Image-caption web data
○ ○ ○ ○ ○
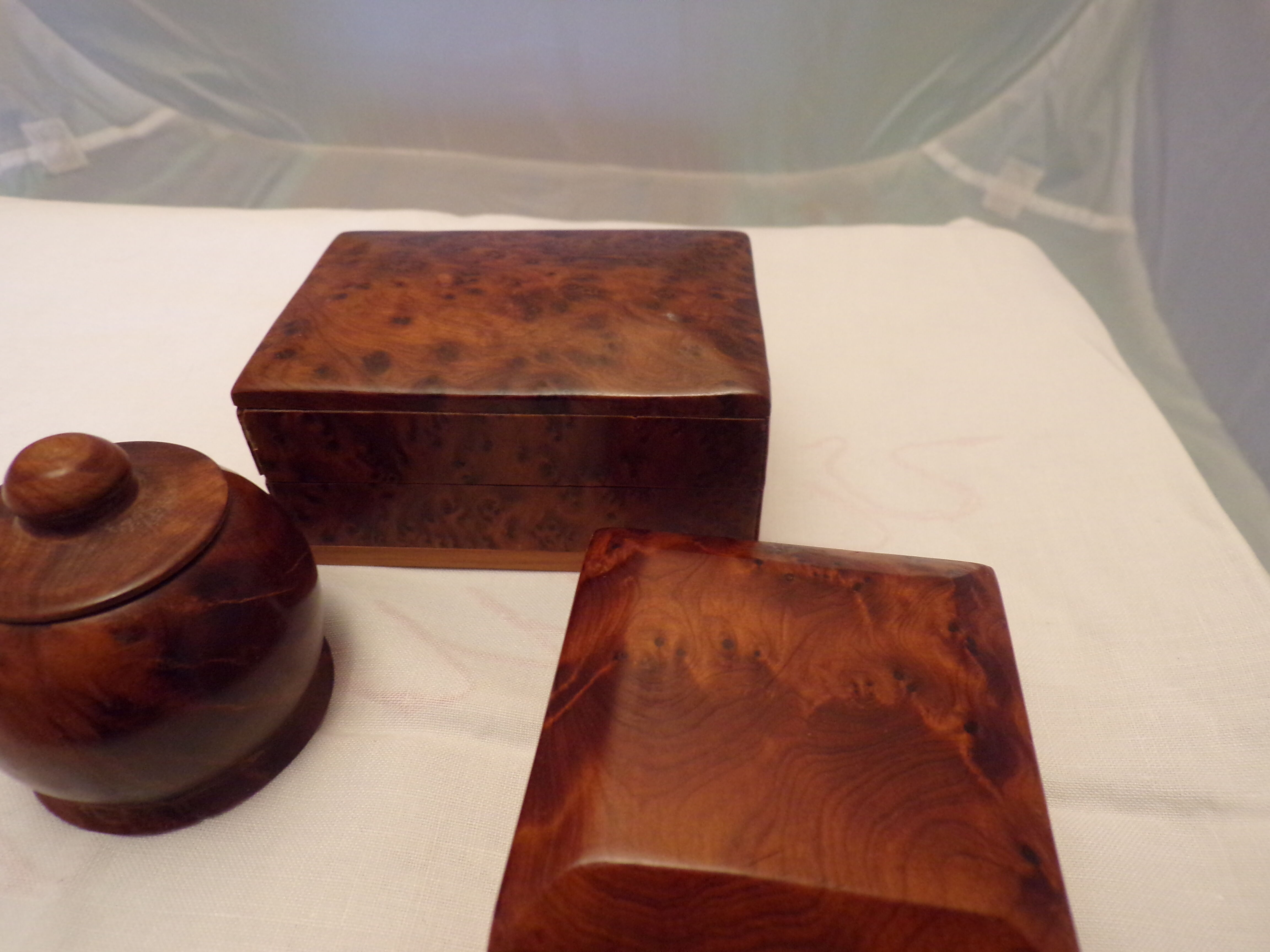 Wooden jewelry boxes
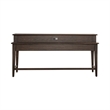 Pemberly Row Wood Console Bar Table with 3 Cubbies in Peppercorn Espresso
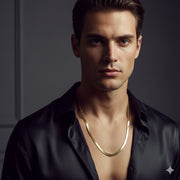 Men's Sleek Gold Chain Necklace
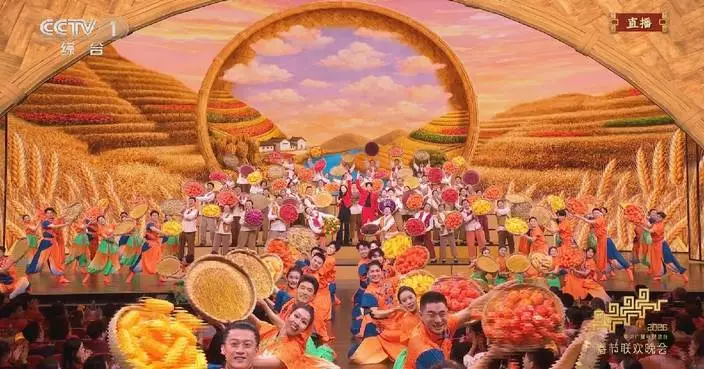 Rural farmers choir delivers uplifting song of bountiful harvest at Spring Festival Gala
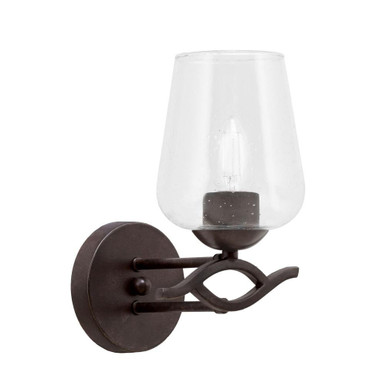 Revo 1 Light Steel Wall Sconce 10.25 Inch Tall by Toltec - 141-DG-210
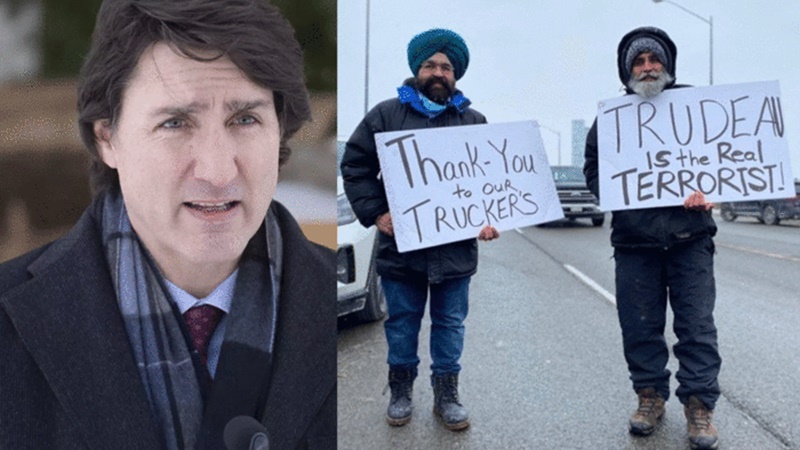 घृणाभरे भाषण के कारण कनाडा के ट्रक चालकों से नहीं मिलना चाहते हैं जस्टिन ट्रूडो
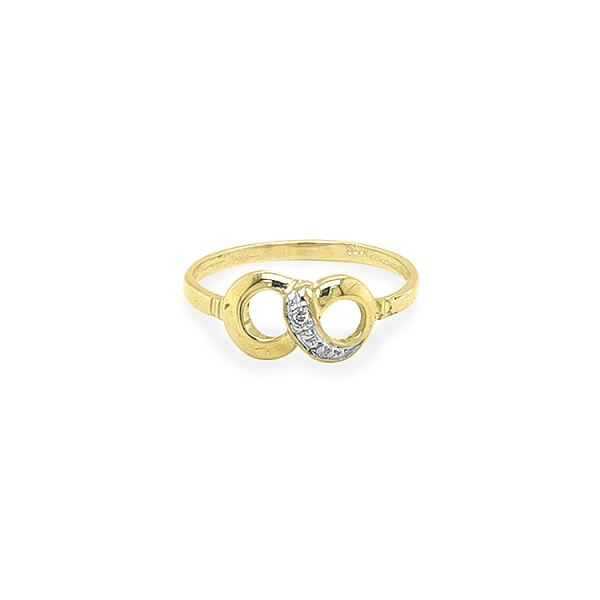 Nhẫn vàng đính đá zircon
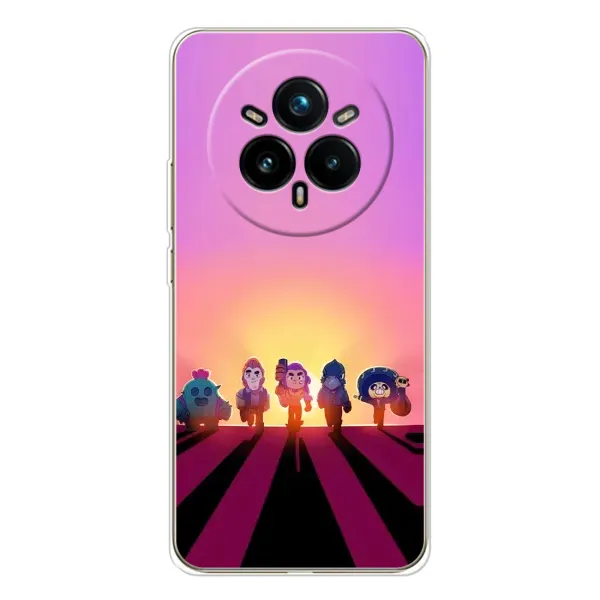 Чехол с рисунком «Персонажи в закате» для Realme 14 Pro 5G Чехол с рисунком «Персонажи в закате» для Realme 14 Pro 5G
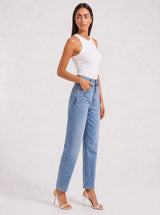 Jeans boyfriend fit dal lavaggio casual e versatile Denver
○ ○ ○ ○ ○
_Assignment:_
Extract only the lines from the line containing "Men's Sleek Gold Chain Necklace" through the final line of the records; keep both ends and drop every picture.

_Your solution:_
 Men's Sleek Gold Chain Necklace
 Rural farmers choir delivers uplifting song of bountiful harvest at Spring Festival Gala
 Revo 1 Light Steel Wall Sconce 10.25 Inch Tall by Toltec - 141-DG-210
 घृणाभरे भाषण के कारण कनाडा के ट्रक चालकों से नहीं मिलना चाहते हैं जस्टिन ट्रूडो
 Nhẫn vàng đính đá zircon
 Чехол с рисунком «Персонажи в закате» для Realme 14 Pro 5G Чехол с рисунком «Персонажи в закате» для Realme 14 Pro 5G
 Jeans boyfriend fit dal lavaggio casual e versatile Denver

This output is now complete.